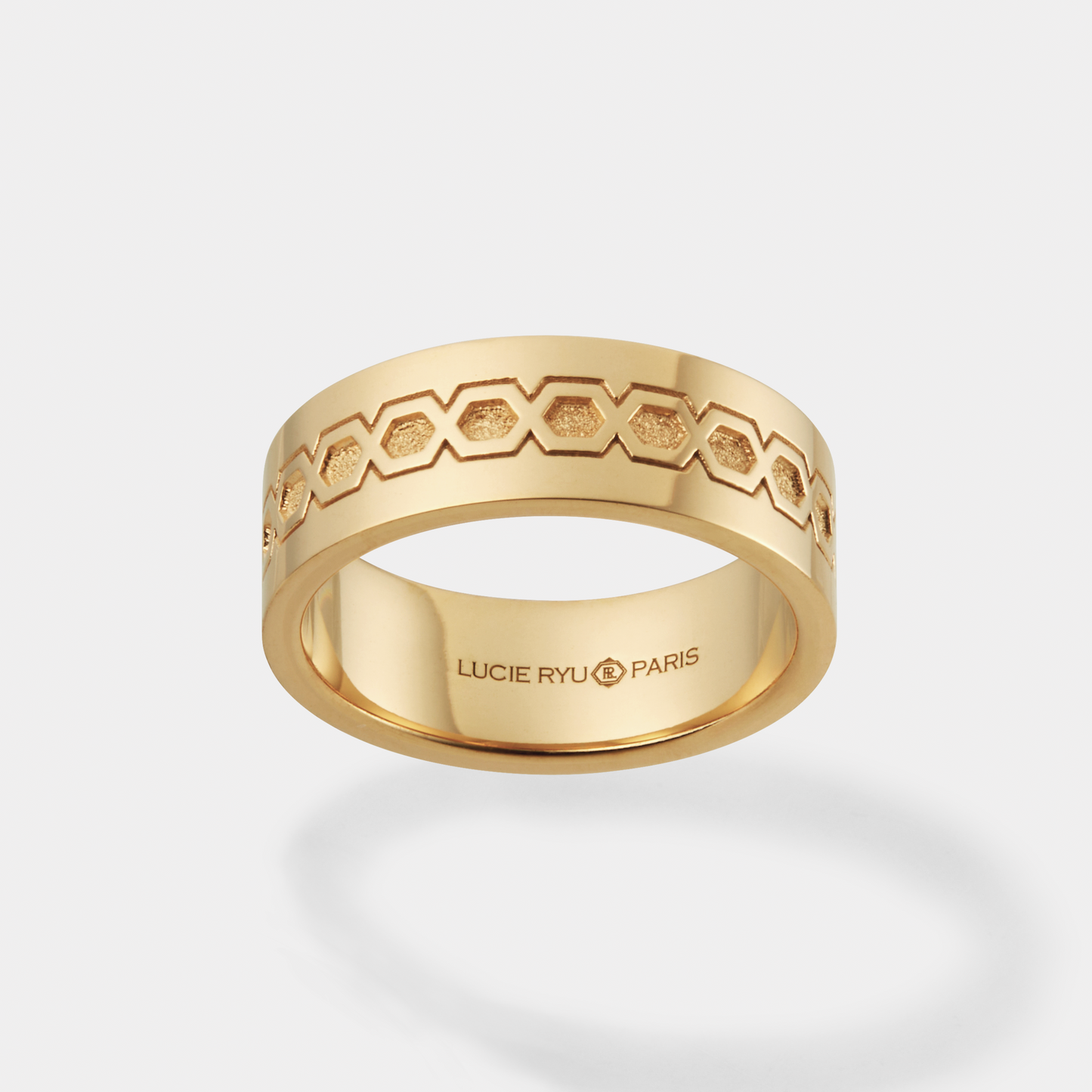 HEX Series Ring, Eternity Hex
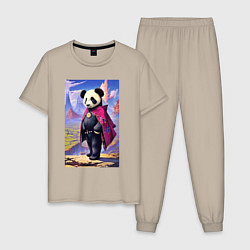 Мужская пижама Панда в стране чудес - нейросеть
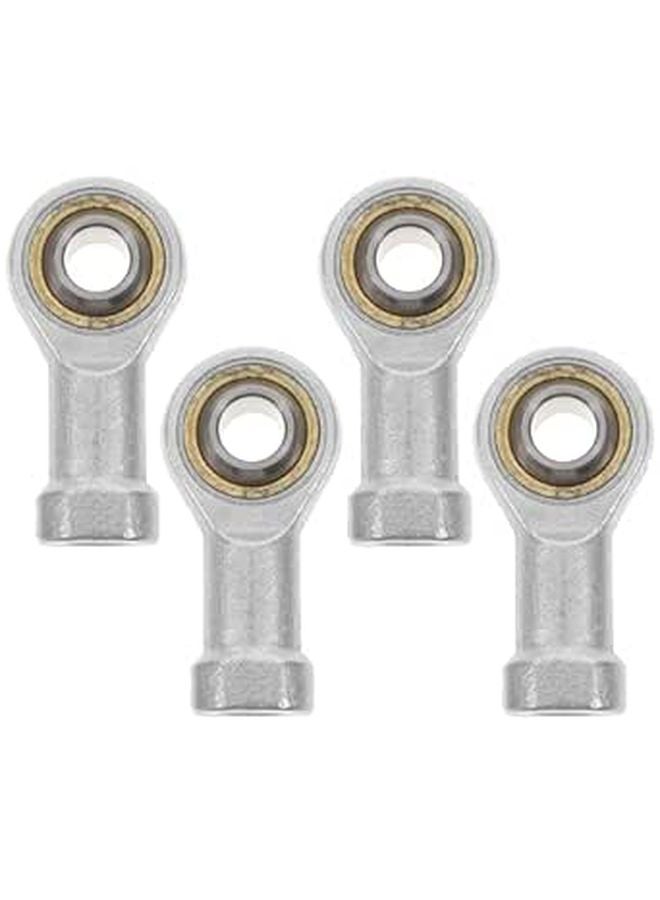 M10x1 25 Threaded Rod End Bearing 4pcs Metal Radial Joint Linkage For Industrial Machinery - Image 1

+++

WHAT YOU NEED TO DO:
Make an exact reproduction of the listing above, without any pictures.

SOLUTION FOR THIS EXERCISE:
 HEX Series Ring, Eternity Hex
 Мужская пижама Панда в стране чудес - нейросеть
 M10x1 25 Threaded Rod End Bearing 4pcs Metal Radial Joint Linkage For Industrial Machinery - Image 1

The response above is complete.